Melhor, aquele Arena morreu. Mas Jorge e Marlise se retiraram para Campo Bom e ali continuaram atuando com uma fabriqueta de brinquedos pedagógicos de madeira, enquanto Marlise estreava como produtora cultural, diretora de teatro e promotora de iniciativas culturais. O auditório do Centro Educativo Integrado da cidade leva hoje seu nome.
Marlise era uma alemoa magrela, alta, de voz fortíssima. Sua gargalhada ressoava nas paredes do teatro. Um seu filho afirmou, logo depois de sua morte, que ela fora uma leoa. É verdade, e isso não é rima, é o que melhor a caracterizava: tinha convicções. Não era autoritária, pelo contrário. Mas se mostrava firme nas posições assumidas.
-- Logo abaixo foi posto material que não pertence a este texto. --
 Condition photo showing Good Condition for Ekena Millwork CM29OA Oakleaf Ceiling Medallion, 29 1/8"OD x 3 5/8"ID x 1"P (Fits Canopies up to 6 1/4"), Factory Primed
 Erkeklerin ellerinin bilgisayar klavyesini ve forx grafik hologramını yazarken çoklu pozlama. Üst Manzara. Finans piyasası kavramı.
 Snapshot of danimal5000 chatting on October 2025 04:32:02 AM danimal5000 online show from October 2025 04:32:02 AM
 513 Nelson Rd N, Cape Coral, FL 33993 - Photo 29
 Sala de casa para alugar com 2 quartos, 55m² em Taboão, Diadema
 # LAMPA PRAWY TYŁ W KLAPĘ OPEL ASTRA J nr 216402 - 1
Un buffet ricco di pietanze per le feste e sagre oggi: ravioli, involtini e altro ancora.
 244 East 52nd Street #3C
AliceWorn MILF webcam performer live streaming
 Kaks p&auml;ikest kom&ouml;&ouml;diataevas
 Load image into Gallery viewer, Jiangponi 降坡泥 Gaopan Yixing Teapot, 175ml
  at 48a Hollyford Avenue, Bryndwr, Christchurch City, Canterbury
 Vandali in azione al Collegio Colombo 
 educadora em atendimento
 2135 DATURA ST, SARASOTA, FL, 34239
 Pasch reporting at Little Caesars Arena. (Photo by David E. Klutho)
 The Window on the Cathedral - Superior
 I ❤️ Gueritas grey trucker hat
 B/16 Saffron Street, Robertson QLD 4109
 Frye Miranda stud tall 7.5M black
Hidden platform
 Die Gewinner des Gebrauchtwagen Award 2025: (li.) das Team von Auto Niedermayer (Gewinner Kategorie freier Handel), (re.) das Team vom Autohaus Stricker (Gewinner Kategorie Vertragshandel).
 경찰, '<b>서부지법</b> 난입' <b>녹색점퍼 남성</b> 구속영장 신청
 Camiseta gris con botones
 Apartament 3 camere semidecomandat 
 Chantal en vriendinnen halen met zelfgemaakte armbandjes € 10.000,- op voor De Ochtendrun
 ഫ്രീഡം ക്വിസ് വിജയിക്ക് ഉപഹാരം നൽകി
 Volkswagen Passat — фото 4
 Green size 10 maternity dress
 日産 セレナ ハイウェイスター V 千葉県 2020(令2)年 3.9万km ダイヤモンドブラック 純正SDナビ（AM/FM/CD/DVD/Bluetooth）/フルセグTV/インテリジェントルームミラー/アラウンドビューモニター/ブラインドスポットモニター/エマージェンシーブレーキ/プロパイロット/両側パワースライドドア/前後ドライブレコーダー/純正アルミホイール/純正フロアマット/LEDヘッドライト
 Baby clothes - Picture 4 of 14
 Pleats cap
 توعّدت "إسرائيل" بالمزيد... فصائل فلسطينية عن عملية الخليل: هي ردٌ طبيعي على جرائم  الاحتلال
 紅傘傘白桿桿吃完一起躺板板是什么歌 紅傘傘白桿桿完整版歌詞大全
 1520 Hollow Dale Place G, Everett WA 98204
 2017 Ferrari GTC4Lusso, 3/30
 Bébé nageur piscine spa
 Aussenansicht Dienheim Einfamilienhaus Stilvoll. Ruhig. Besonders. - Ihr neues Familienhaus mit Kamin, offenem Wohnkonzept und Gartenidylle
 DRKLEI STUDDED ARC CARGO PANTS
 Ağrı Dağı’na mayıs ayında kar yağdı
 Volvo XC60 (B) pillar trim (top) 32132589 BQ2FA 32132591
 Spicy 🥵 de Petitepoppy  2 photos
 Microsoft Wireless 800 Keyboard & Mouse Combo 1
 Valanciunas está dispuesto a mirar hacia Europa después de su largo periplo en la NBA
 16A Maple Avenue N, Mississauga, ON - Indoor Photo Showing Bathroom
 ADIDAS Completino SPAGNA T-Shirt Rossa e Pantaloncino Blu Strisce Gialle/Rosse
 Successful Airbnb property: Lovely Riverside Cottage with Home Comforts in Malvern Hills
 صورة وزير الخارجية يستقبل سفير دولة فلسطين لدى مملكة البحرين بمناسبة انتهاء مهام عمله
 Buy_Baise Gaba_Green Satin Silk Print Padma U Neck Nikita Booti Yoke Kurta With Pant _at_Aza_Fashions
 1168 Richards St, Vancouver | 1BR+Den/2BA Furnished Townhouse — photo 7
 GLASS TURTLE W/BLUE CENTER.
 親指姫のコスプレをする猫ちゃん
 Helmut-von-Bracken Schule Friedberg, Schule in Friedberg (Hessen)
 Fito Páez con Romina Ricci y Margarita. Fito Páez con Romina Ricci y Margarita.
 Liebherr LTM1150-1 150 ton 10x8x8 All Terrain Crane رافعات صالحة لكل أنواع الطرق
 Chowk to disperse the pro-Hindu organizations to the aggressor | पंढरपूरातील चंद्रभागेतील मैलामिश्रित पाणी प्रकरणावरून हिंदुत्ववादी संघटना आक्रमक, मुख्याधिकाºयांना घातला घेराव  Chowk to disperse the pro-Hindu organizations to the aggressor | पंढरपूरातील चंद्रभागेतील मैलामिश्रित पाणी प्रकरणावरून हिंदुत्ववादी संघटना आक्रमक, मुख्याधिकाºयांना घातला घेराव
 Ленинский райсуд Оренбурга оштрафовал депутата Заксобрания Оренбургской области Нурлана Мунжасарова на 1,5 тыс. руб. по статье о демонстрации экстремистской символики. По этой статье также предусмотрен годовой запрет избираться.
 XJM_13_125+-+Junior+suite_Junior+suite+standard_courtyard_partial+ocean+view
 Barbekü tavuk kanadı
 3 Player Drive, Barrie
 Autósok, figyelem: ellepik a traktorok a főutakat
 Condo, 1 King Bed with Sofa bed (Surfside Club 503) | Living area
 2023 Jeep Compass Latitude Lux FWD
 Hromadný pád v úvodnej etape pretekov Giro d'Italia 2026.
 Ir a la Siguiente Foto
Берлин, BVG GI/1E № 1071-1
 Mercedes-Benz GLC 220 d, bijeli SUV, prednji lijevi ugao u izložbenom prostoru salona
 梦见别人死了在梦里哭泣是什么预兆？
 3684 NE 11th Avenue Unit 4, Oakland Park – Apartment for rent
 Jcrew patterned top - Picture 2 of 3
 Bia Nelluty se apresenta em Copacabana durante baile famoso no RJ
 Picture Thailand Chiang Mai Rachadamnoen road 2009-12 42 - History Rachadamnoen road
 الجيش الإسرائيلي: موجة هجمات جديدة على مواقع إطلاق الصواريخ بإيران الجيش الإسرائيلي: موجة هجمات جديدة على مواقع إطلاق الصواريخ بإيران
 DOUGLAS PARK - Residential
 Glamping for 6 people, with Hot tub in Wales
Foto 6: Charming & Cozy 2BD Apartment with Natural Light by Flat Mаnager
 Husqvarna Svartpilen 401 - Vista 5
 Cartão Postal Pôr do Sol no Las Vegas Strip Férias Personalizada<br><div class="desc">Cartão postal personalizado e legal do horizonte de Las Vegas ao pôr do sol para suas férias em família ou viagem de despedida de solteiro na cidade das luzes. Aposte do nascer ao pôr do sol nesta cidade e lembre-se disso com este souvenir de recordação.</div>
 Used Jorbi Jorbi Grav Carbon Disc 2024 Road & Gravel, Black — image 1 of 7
Certamente não foi fácil sua vida no Arena, sempre sob ameaça de bombas, de prisão, de censura, de fechamento das portas do teatro... mas ela continuou firme, construindo não apenas uma carreira, mas sobretudo um depoimento, com sua vida, a respeito dos anos 1970 e 1980. Nos dias de hoje ela continuava sua luta de resistência e de denúncia, sempre trabalhando pela cultura e, muito especialmente, entendendo que a atividade cultural é emancipatória, profundamente humanista e aquela que mais distingue o homem dos demais seres vivos.
Marlise Saueressig faleceu, mas deixou filhos e netos, seguidores e admiradores. Mais, deixou lembranças de suas interpretações, muitas vezes em franca oposição ao que o diretor do espetáculo queria, se ela não concordasse. Devemos ter orgulho desta artista e desta cidadã. Seria muito bom que, em algum momento, num futuro imediato, a gente pudesse homenageá-la, quem sabe projetando o filme por ela interpretado ou recuperando a memória das personagens por ela interpretadas no teatro. Ela foi uma necessária e corajosa guerreira num tempo muito ruim.